▸ **Source data**:
== Segment start ==

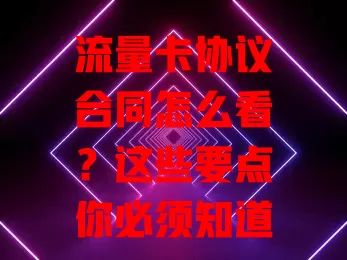 流量卡协议合同怎么看？这些要点你必须知道！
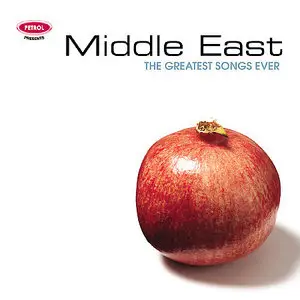 VA - The Greatest Songs Ever: Middle East (2006)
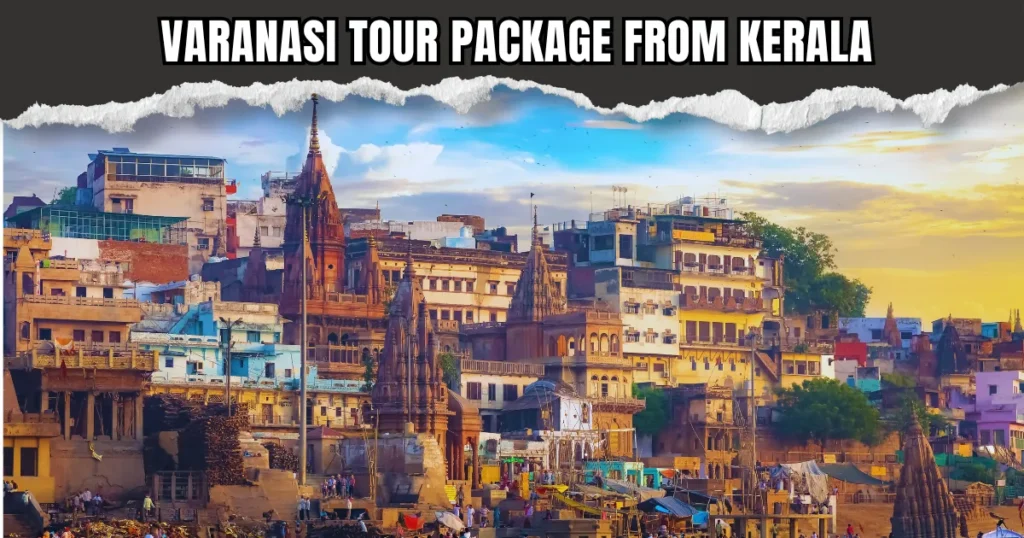 Varanasi Tour Package from Kerala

== Segment end ==

▸ **Task details**: Return all the data exactly, and keep the pictures out.

▸ **Solution**:
 流量卡协议合同怎么看？这些要点你必须知道！
 VA - The Greatest Songs Ever: Middle East (2006)
 Varanasi Tour Package from Kerala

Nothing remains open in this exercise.